[HC] Le prix fort, de David Rochefort

Jusqu’où un fan peut-il aller par amour pour son idole ? Le 30 avril 1993, Günter Parche poignardait Monica Seles en plein match du tournoi de Hambourg, un mois avant Roland-Garros. Depuis qu’elle avait pris la place de Steffi Graf à la tête du tennis féminin mondial à tout juste dix-huit ans, elle était pour Parche la femme à abattre. Lui, personne ne savait qui il était.

David Rochefort nous raconte cette rencontre aussi improbable que dramatique (à quelques centimètres près l’arme – un couteau – touchait la colonne vertébrale de la joueuse), et ce qui y a mené.

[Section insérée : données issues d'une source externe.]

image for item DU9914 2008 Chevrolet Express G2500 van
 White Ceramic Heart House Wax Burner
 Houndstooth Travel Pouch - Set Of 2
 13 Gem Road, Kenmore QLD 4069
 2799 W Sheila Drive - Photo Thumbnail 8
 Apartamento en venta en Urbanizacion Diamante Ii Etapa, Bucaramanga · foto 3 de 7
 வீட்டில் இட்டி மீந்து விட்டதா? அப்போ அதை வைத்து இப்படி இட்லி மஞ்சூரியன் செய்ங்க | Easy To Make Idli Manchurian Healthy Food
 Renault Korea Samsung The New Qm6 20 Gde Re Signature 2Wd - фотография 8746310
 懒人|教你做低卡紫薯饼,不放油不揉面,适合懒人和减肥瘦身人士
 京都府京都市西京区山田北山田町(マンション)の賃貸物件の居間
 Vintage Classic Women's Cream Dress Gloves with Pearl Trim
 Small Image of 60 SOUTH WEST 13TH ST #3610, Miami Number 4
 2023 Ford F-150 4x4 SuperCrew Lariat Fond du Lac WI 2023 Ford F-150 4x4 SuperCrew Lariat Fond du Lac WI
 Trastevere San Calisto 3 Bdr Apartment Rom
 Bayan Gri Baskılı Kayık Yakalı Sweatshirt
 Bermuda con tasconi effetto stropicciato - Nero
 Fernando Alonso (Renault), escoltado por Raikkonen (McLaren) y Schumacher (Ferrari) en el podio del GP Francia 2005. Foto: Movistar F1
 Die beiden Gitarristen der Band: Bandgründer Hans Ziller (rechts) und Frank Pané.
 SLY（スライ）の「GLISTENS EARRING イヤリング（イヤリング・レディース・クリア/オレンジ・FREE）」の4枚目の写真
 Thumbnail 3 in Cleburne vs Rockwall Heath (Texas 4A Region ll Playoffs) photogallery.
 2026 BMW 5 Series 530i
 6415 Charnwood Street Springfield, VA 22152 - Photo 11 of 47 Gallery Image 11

Il en fait un récit journalistique et littéraire qui se lit comme un roman.

Ni journaliste, ni vraiment sportif (il avoue avoir été dispensé de l’épreuve sportive au bac !), David Rochefort est l’auteur à 42 ans de quatre romans publiés par Gallimard dans la collection Blanche.
En exergue est une jeune maison d’édition parisienne qui publie une dizaine de livres par an (récits, beaux livres ou bandes dessinées) sur le sport auto, le foot, le vélo, et autres sports. Sa vocation première est de « parcourir le vaste champ qu’est le sport grâce à la littérature. »

Quand je me suis lancé dans cette histoire, je me sentais légitime à double titre. D’abord parce que, m’étant trouvé moi-même dans la position de celui qui érige ses idoles au rang de divinités, la psychologie du fan ne m’était pas tout à fait étrangère. Et ensuite parce que j’étais écrivain et (supposément) capable de raconter des vies, réelles ou imaginaires.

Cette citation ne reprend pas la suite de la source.